Treatment of Otophyma

Case Report and Review of the Literature

K. S. Sharma, MRCS, MSc; J. Pollock, MRCS, S. Hasham, MRCS; T. M. Brotherston, FRCS


ePlasty. 2013;13 

In This Article

Abstract and Introduction


Objectives: Otophyma is a rare condition that can present as the end stage of any chronic inflammatory disease affecting the ear such as rosacea, eczema, or otitis externa. It can result in conductive hearing loss, low self-esteem, and social embarrassment. This report highlights a case of otophyma treated successfully using a full-thickness skin graft.

Methods: We present a case of a 41-year-old lady referred to our department with a 23-year history of bilateral otophyma. During this time, her hearing progressively diminished as the swelling occluded her external auditory meatus. She had been unsuccessfully managed for years with topical emollients, steroids, and regular ear toileting.

Result: She was treated by excision of the phymatous tissue and full-thickness grafting, which resulted in a patent external auditory meatus and an improvement in her hearing.
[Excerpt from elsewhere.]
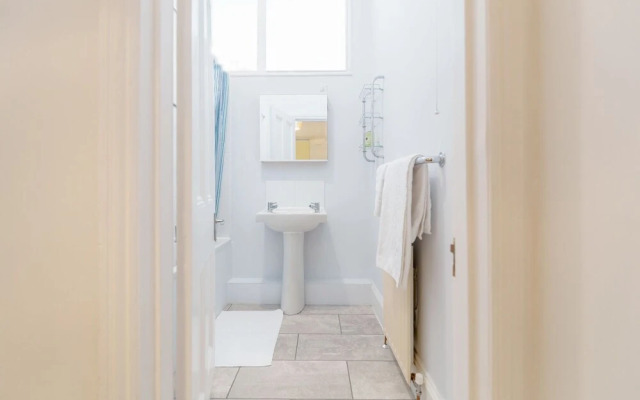 Earls Court Apartments by BaseToGo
Conclusions: The use of a full-thickness skin graft is one of the many treatment options available for the treatment of otophyma. We present a literature review on this uncommon condition and a discussion on the various treatment options available to the patient.


The phymas are defined as localized swellings of facial soft tissues due to variable combinations of fibrosis, sebaceous hyperplasia, and lymphoedema.[1] The commonest is rhinophyma; however, other areas can be affected including the forehead (metrophyma), chin (gnathophyma), eyelids (blepharophyma), and ears (otophyma). Bilateral otophyma is a rare subtype of the family of phymas, with only a few cases described in world literature. This article presents a case with a 23-year history bilateral otophyma resulting in conductive hearing loss. Its assessment, investigations, pathology, surgical treatment, and a concise review of the literature are discussed.